**What to work on:** Wherever a picture appears in the listing, leave it out, and copy the rest exactly.

**Data excerpt:**
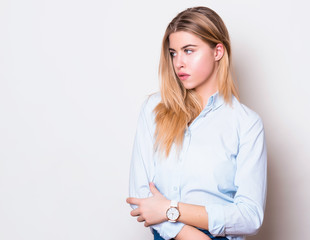 beautiful young woman in casual outfit wearing wrist watch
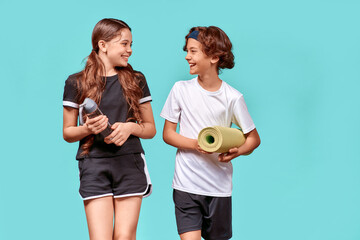 Ready for training. Two teenagers, boy and girl with yoga mat and bottle of water talking and smiling while standing isolated over blue background
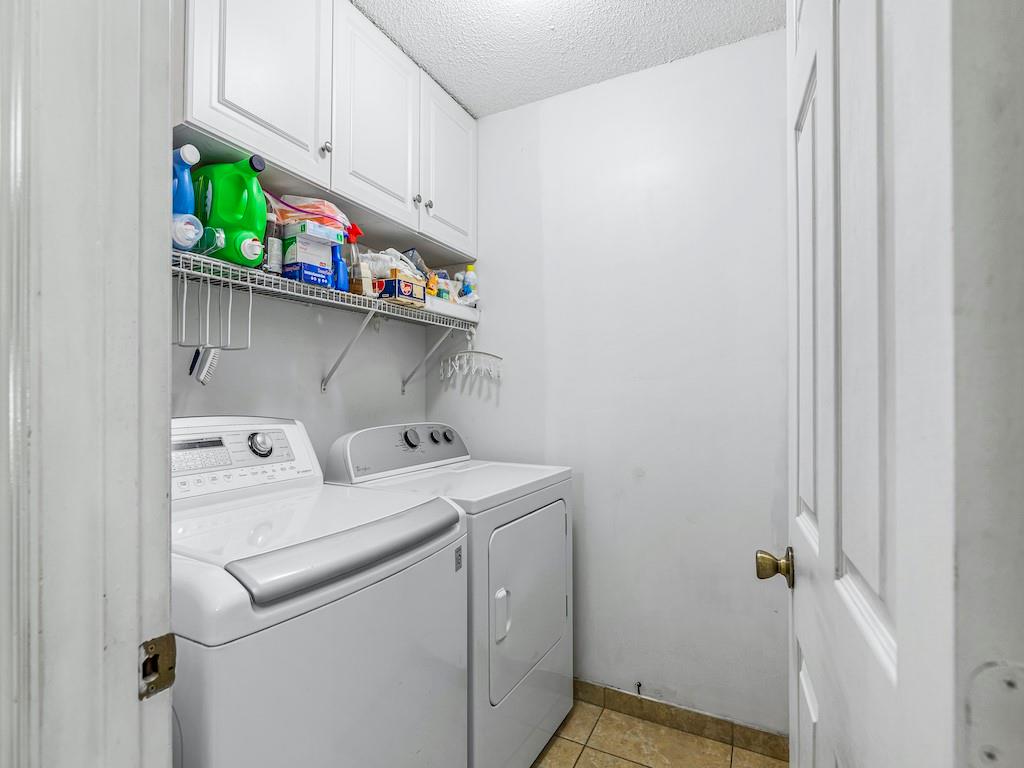 941 Southwest Longfellow Road Port St. Lucie, FL 34953 - Photo 22 of 36 a utility room with dryer and washer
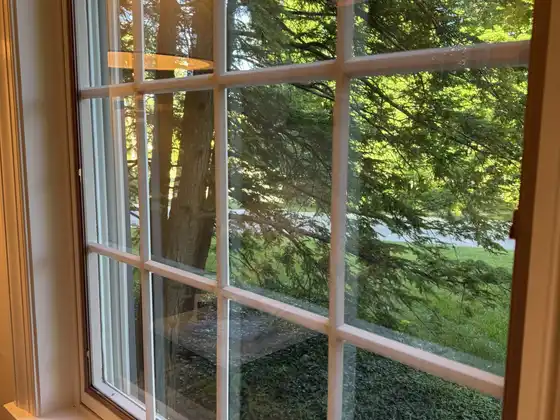 After window cleaning: the same divided-light window with clear glass and no spots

**Output:**
 beautiful young woman in casual outfit wearing wrist watch
 Ready for training. Two teenagers, boy and girl with yoga mat and bottle of water talking and smiling while standing isolated over blue background
 941 Southwest Longfellow Road Port St. Lucie, FL 34953 - Photo 22 of 36 a utility room with dryer and washer
 After window cleaning: the same divided-light window with clear glass and no spots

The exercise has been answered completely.